Search code examples
parsingstreamingelfcrash-dumps

Is the Executable and Linkable Format (ELF) streamable?


I'd like to extract the stacktrace from crashing applications with large memory footprints. Ideally, the user wouldn't need to wait while the entire coredump is written to disk.

My current thinking is to install a coredump hook at /proc/sys/kernel/core_pattern which would parse the incoming coredump via stdin and extract just the stacktrace. But, creating a complete copy of the coredump in memory would be impractical, so a streaming approach would be better.

I'm new to the ELF format (http://en.wikipedia.org/wiki/Executable_and_Linkable_Format) and was wondering if it might support a streaming parser. I haven't written a streaming parser of any kind yet - I'm familiar with the concept but need pointers on how to analyze a format for stream-ability.

As a first attempt, I tried:

cat core | readelf -a

But, it doesn't seem like readelf supports input from stdin.
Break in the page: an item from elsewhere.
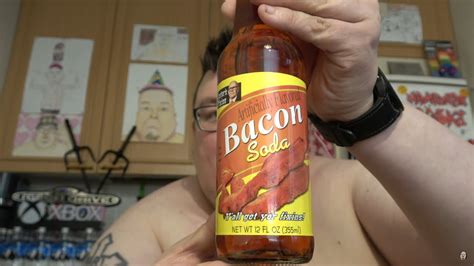 Juomatesti Lesters Fixins Bacon Soda Youtube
I also found this python elf parser, but it appears at first glance like it reads the entire elf into memory: https://github.com/eliben/pyelftools

But, if needed, maybe I could use their implementation as reference for a streaming parser.

Thanks a bunch!


Solution

  • It turns out that Google's coredumper documents the ELF core file format: https://code.google.com/p/google-coredumper/source/browse/trunk/src/elfcore.c

    This code snippet was also helpful: http://emntech.blogspot.com/2012/08/printing-backtracestack-trace-using.html

    It appears that the stacktrace is contained in a single segment of the elf. The solution then is to:

    1. Read the elf headers
    2. Find a note entry of type NT_PRSTATUS
    3. Get the top of stack address from a register within this entry
    4. Go to that address
    5. Read the stacktrace
    6. Ignore the rest of the coredump

    I still have some work to do in terms of resolving symbols, etc. But, I'll edit this answer if my approach changes significantly. While whether the format can be 'streamed' was not really the right question to ask, I did find a solution which allowed me to read the stacktrace without writing the entire coredump to disk.

    EDIT:

    According to the answers to How gdb reconstructs stacktrace for C++?, it seems that reconstructing the stack in all cases is quite complex. I believe then the final answer to this question is, no, it's not possible to extract the stack from ELF Cores and an ELF Core is not "streamable."

    I believe though there is a chance the heap could be located in a coredump and removed. This would leave the stack intact, allowing gdb to still reconstruct it.